Putting it together only to realize that something's going on with the I2C and the pass-through connection for it from the esp c6.
Only to think that I figured it out and put it back together again only to realize that I hadn't.
But then we really figured that out and I put it all back together again. Make sure all the boards actually communicated. And went to go put on the OLED and realized that I would have to run jumpers to it from the bottom board.
So it's off to micro center. We're getting stackable headers to make my life a whole lot easier and a bunch of NeoPixel LEDs. Only so I can come back home rip this thing back apart put it all back together the right fucking way.
And probably do the same ridiculous troubleshooting process about something that I literally knew nothing about until I started this. On firmware. Lfg
If this taught me anything, it taught me that you really don't have to know about anything to do anything. You just have to fucking pick the most unruly, overachieving, over engineered ass project that you possibly can in a topic of study that you'd like to learn about.

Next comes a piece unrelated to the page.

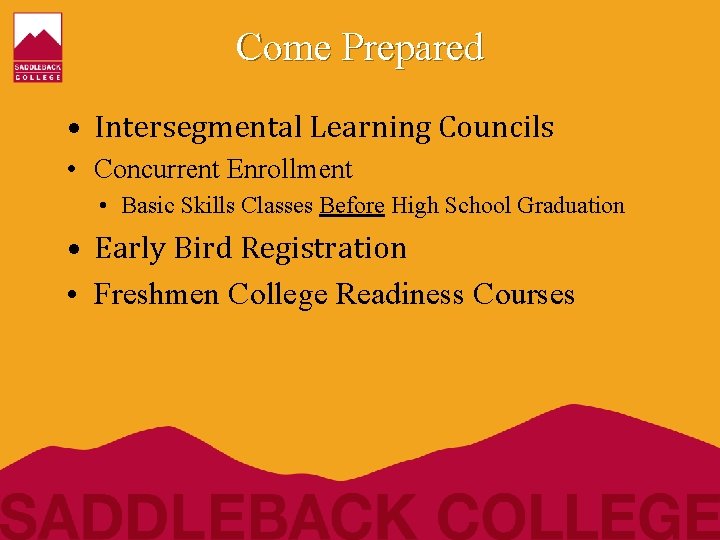 Come Prepared • Intersegmental Learning Councils • Concurrent Enrollment • Basic Skills Classes Before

And you do it. If by the end of it you know a lot more than you did before and you probably spent much time figuring it out.
Anyways to know the stack it's:
All adafruit feathers.
Esp32 s2
Another s2
A c6
An s3
A bluefruit
And a feather monochrome OLED.
Once the firmware and software get developed after the reconstruction of this beast, I'm going to celebrate by making an inaugural custom PCB. Strapping it straight to and ROG 4090 radiator.
Why. Probably the same reason that I decided to do any of this. Bc why the hell not.